When the line containing "Montessori Learning Toys" appears in the data below, begin copying there and stop only after the line containing "Multicolor Peacock Drop Earrings(E-15)".

═════ Material provided

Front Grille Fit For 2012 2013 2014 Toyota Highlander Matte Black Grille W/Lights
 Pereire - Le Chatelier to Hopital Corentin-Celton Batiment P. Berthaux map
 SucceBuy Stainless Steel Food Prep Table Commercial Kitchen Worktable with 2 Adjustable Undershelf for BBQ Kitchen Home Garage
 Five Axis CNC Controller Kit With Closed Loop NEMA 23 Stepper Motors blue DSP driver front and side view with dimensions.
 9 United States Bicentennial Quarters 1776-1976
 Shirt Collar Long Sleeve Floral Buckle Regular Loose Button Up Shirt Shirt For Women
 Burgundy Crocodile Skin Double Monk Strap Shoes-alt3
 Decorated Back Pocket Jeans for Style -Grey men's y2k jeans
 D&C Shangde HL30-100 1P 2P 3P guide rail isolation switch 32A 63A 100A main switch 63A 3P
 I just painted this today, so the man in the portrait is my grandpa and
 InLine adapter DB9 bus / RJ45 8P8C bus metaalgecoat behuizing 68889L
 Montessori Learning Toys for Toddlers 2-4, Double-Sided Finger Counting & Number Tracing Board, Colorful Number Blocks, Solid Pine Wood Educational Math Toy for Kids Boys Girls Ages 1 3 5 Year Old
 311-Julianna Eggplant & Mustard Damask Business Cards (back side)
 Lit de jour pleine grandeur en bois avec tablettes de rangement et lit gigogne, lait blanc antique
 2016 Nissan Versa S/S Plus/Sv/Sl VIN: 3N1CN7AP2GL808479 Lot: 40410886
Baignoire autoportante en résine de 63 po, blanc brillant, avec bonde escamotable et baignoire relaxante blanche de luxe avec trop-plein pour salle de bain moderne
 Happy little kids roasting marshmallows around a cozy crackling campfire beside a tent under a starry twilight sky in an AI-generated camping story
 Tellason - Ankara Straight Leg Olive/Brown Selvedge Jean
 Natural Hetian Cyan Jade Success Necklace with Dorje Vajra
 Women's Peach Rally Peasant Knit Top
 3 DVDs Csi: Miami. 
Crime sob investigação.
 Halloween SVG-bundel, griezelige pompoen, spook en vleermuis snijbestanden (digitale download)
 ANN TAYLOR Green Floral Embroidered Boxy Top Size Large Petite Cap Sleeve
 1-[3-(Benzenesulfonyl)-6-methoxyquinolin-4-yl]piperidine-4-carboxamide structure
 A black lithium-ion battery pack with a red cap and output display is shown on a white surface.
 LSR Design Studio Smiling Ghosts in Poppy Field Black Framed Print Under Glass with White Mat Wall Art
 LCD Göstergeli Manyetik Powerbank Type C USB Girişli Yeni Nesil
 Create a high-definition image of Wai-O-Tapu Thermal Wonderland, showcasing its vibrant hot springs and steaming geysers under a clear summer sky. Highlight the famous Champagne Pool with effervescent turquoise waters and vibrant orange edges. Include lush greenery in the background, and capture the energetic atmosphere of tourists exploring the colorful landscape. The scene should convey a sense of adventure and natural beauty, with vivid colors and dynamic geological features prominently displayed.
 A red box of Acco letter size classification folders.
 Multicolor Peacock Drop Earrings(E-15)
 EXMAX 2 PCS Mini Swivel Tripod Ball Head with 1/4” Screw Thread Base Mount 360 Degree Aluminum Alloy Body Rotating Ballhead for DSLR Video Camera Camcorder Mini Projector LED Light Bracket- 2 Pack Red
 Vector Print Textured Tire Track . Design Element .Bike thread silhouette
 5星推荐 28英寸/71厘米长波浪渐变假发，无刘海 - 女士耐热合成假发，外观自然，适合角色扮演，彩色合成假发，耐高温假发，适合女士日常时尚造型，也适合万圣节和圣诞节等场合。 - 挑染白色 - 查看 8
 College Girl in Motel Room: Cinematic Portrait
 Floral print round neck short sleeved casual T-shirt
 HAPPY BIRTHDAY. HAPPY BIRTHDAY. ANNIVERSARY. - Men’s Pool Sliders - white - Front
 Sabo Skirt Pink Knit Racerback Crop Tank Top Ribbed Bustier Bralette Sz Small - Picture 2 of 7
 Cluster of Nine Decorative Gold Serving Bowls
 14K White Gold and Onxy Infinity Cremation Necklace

══════════

▶ Your response
 Montessori Learning Toys for Toddlers 2-4, Double-Sided Finger Counting & Number Tracing Board, Colorful Number Blocks, Solid Pine Wood Educational Math Toy for Kids Boys Girls Ages 1 3 5 Year Old
 311-Julianna Eggplant & Mustard Damask Business Cards (back side)
 Lit de jour pleine grandeur en bois avec tablettes de rangement et lit gigogne, lait blanc antique
 2016 Nissan Versa S/S Plus/Sv/Sl VIN: 3N1CN7AP2GL808479 Lot: 40410886
Baignoire autoportante en résine de 63 po, blanc brillant, avec bonde escamotable et baignoire relaxante blanche de luxe avec trop-plein pour salle de bain moderne
 Happy little kids roasting marshmallows around a cozy crackling campfire beside a tent under a starry twilight sky in an AI-generated camping story
 Tellason - Ankara Straight Leg Olive/Brown Selvedge Jean
 Natural Hetian Cyan Jade Success Necklace with Dorje Vajra
 Women's Peach Rally Peasant Knit Top
 3 DVDs Csi: Miami. 
Crime sob investigação.
 Halloween SVG-bundel, griezelige pompoen, spook en vleermuis snijbestanden (digitale download)
 ANN TAYLOR Green Floral Embroidered Boxy Top Size Large Petite Cap Sleeve
 1-[3-(Benzenesulfonyl)-6-methoxyquinolin-4-yl]piperidine-4-carboxamide structure
 A black lithium-ion battery pack with a red cap and output display is shown on a white surface.
 LSR Design Studio Smiling Ghosts in Poppy Field Black Framed Print Under Glass with White Mat Wall Art
 LCD Göstergeli Manyetik Powerbank Type C USB Girişli Yeni Nesil
 Create a high-definition image of Wai-O-Tapu Thermal Wonderland, showcasing its vibrant hot springs and steaming geysers under a clear summer sky. Highlight the famous Champagne Pool with effervescent turquoise waters and vibrant orange edges. Include lush greenery in the background, and capture the energetic atmosphere of tourists exploring the colorful landscape. The scene should convey a sense of adventure and natural beauty, with vivid colors and dynamic geological features prominently displayed.
 A red box of Acco letter size classification folders.
 Multicolor Peacock Drop Earrings(E-15)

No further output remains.